MONTREAL — The Jewish Public Library (JPL) is about to become the first public library in the world to adopt a radically new cataloguing system that it says will make it easier to find exactly the book or other material sought.
The JPL will, in fact, be only the second library of any kind (the first was a Belgian academic institution) to switch to FRBR/RDA, an acronym commonly used for Functional Requirements for Bibliographic Records/Resource Description and Access.
This system ferrets out the not always obvious relationships among diverse resources in the database by describing a collection in an entirely new way.
FRBR/RDA is especially suited to the JPL because its close to 200,000-item collection is in five principal languages, said Eddie Paul, head of bibliographic and information services. Many of its titles are available in multiple editions and translations.
The system links resources in whatever language or form they are in, whether print or audiovisual.
The system is also a boon to a library specializing in Judaica.
“For example, we have a thousand works of the Bible, Talmud and other core Jewish canonical works in various forms, subsections, editions, portions and translations,” Paul said. Depending on their religious or cultural backgrounds, people frequently ask for these works by different names.

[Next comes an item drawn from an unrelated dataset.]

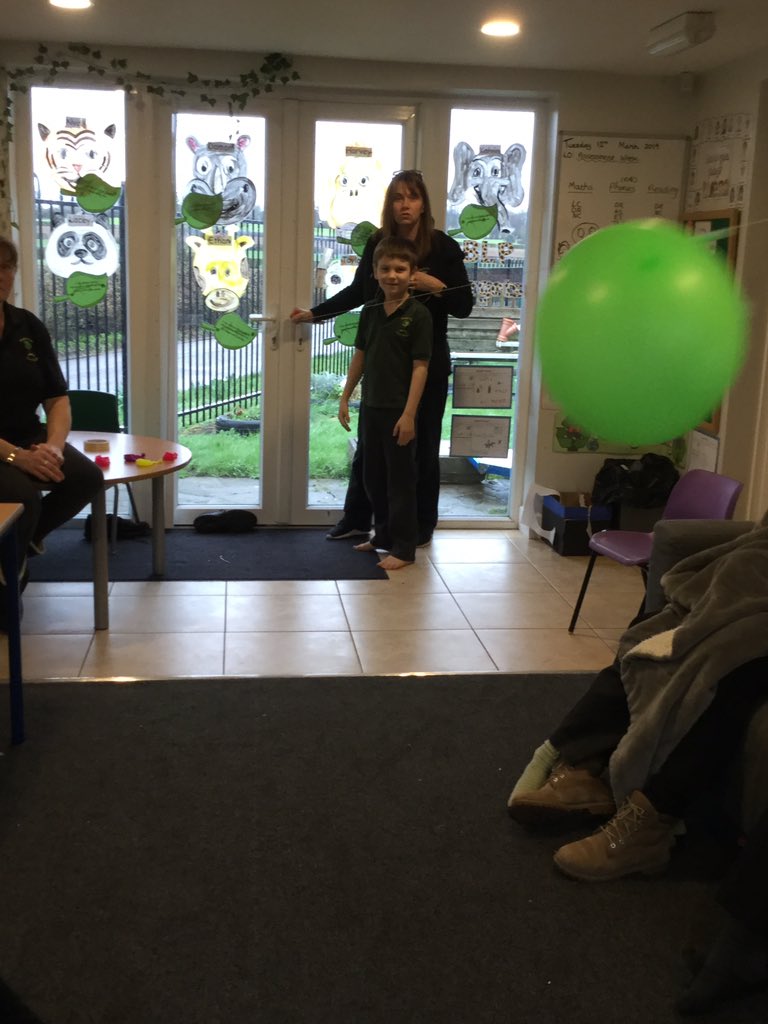 mvfsweb's tweet photo. The BLP are loving our Science Week activities! ๐ ๐ #balloonrocket #airpower ๐ญ #skittleexperiment #diffusion https://t.co/JFPIhPOWM8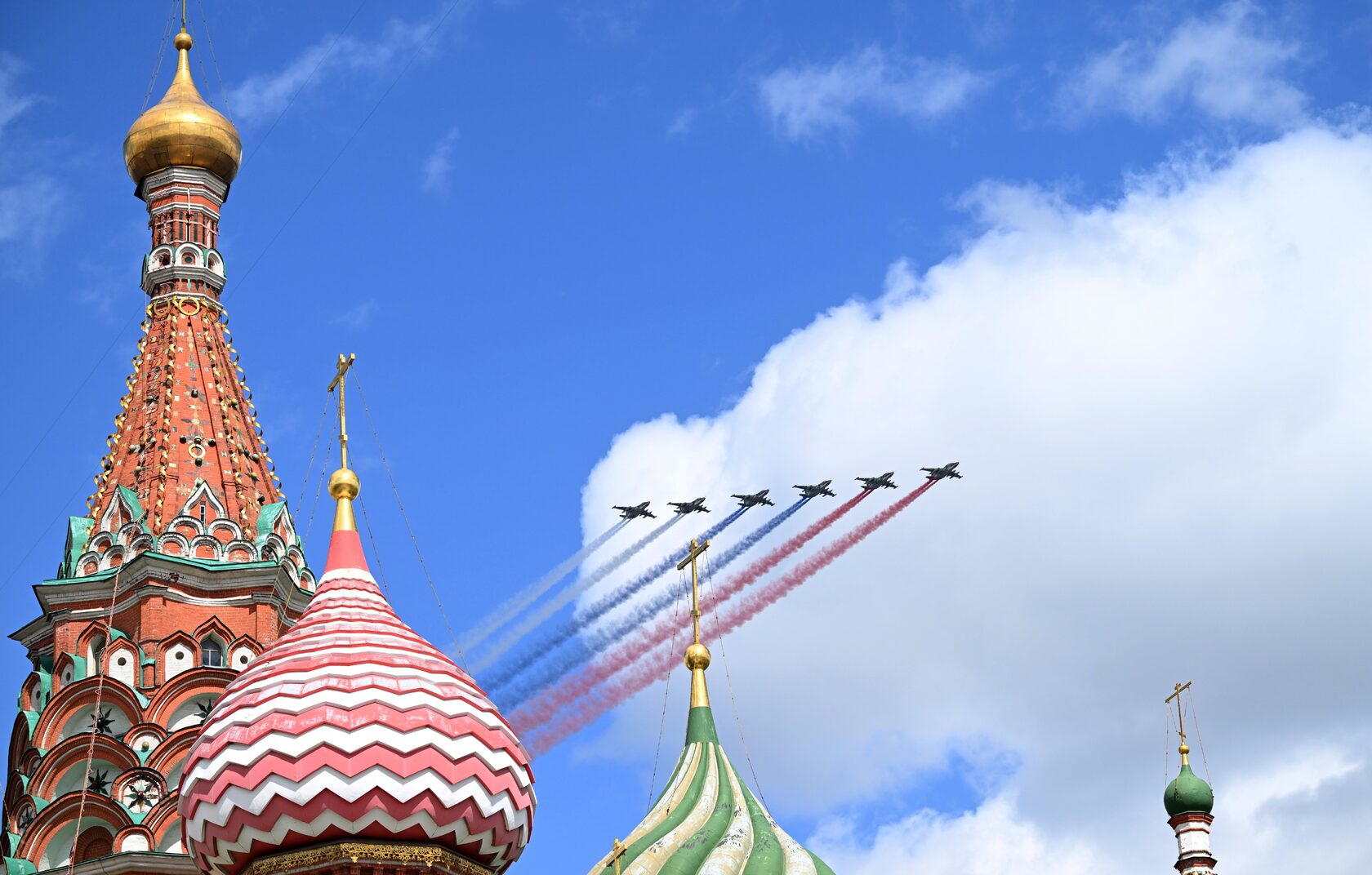 Пролет авиации над Красной площадью 9 мая 2025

“It becomes difficult for them to find the works by themselves without the mediation of a reference librarian.”
When fully operational, the system will enable users to link, for example, the oldest book in the JPL collection, The Antiquities of the Jews by Flavius Josephus, written in Latin in 1481, to its newest edition, Iudeiskaia voina, published in Russian in Moscow in 1996.
Implementation of the new system will begin in February and take three or four months to complete, Paul said. “It involves a massive retraining of the cataloguers.”
The new system will be available online.
Just how ahead of the curve the JPL is can be appreciated when it is realized that even the Library of Congress is only starting to organize its new acquisitions under RDA rules, but is not using the FRBR data model yet, Paul pointed out. Montreal’s Grande Bibliothèque is considering phasing in RDA next year.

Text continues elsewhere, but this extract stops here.